Okay. So here’s my deal with quilting. My grandmother was one heckofa quilter/embroider. She made some amazingly beautiful things. My mother took up the craft later in life. And then, she tried to teach me.
Only I wasn’t game. I wanted to like it. I wanted the end results. But the process was not enjoyable. And I distinctly remember during my lessons a few years ago feeling like, “This is silly. It’s like paint by numbers or something. What is the point of all this work if you are following a pattern and thus know exactly what it’s going to look like in the end? Yeah…you can choose your own colors. But following a pattern means that every time you screw up it’s so visible. And obvious.”
I’ve never liked doing what people tell me to do. So this is no surprise that I was put off by quilting. Still, I was conflicted.
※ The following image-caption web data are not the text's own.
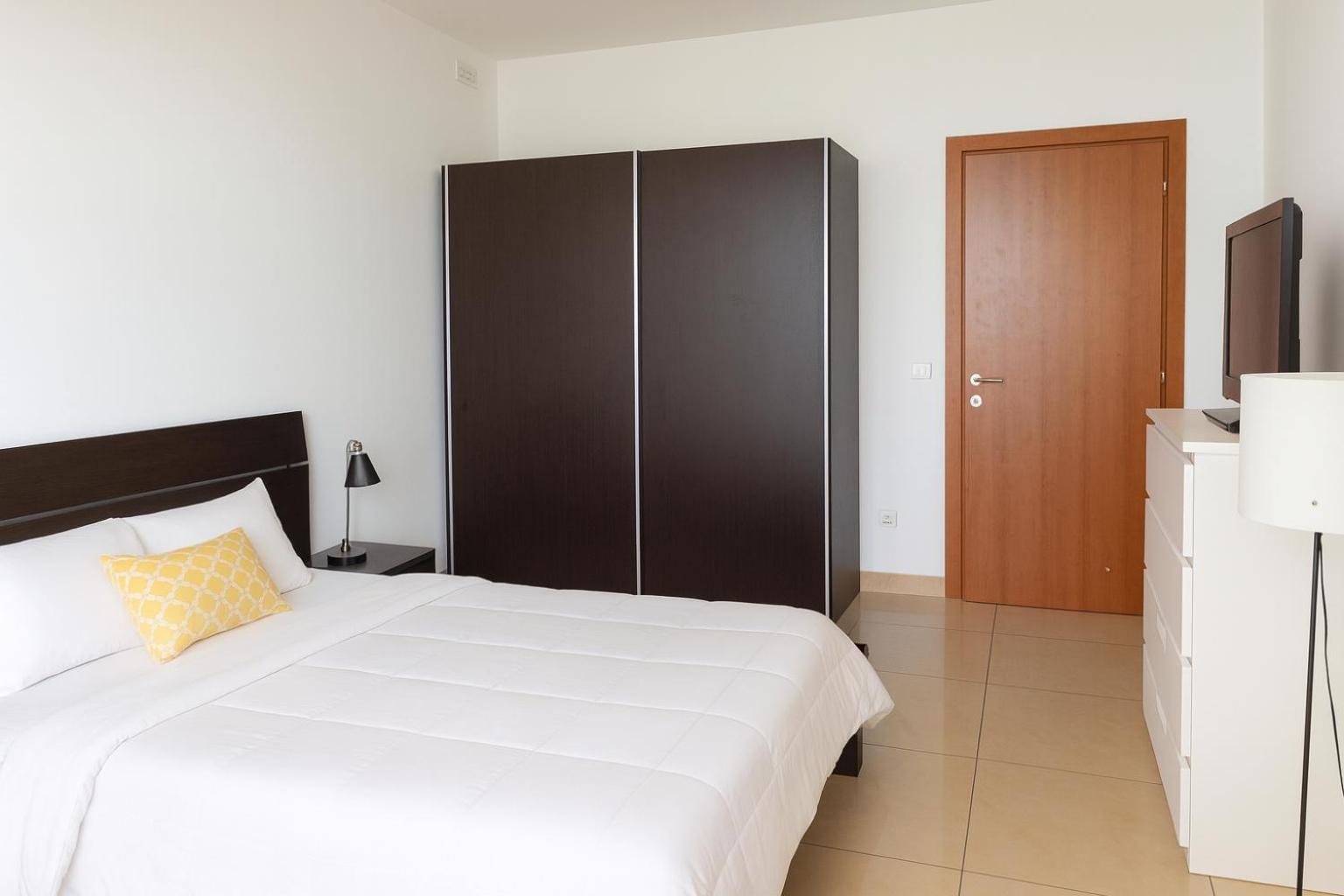 Modern Penthouse with 2 Bedroom & 2 Terraces by Seafront Walk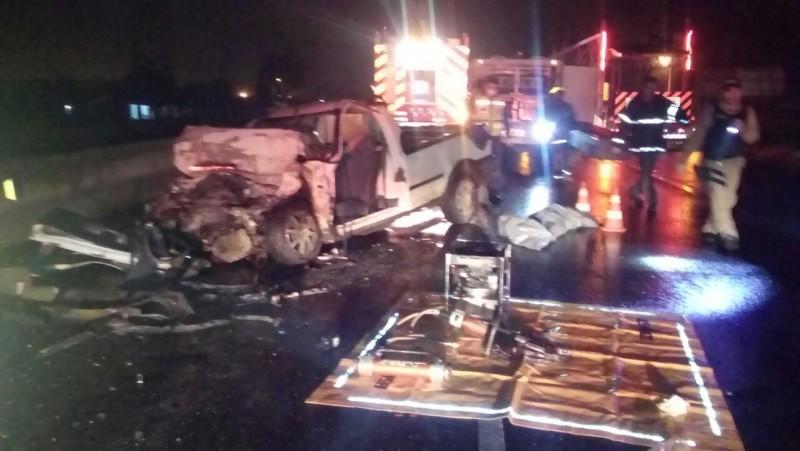 Motorista morre ao colidir de frente com caminhão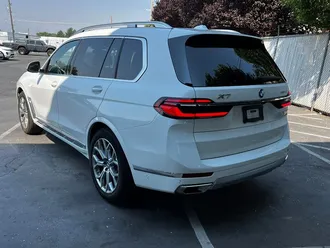 2026 BMW X7 xDrive40i photo 5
Because I really, really wanted to make stuff and have stuff that I made. But I really, really was not liking the whole process. And so that’s why it took two years to do that first quilt for 6.
For the past 6 months, I have had it in my head that I wanted to just sit down and cut. And sew. And see what happens. I didn’t have a name for this. Or a way to go about doing it. I was seriously living in such a vaccuum that I didn’t realize until just last week that people do this all the time. It’s called improv quilting. And it’s a pattern-free way to just cut and sew and create. And stand back and say Wow.
So when I started to think I wanted to do it, though, I wouldn’t let myself until I had finished one of those damn quilts I started for the kids. Once I got 6’s done, I took out a small stash of fat quarters I had…and started cutting. And sewing. And cutting. And sewing. And in one week, here’s what I did:
I am not really sure where this will go from here. I am envisioning pale pink fabric to border these wonky blocks up with and turning it into a wall hanging for over my machine. But who knows.
I’m annoyed that I’m so into this project right when I am saying good-bye to the machine for the next 6 weeks. But hopefully my enthusiasm won’t wane while we are traveling and I can pick this up when we get back.
I had no idea what I was doing and am learning as I am going. It feels brave to just jump in there and try. And I’m glad I did.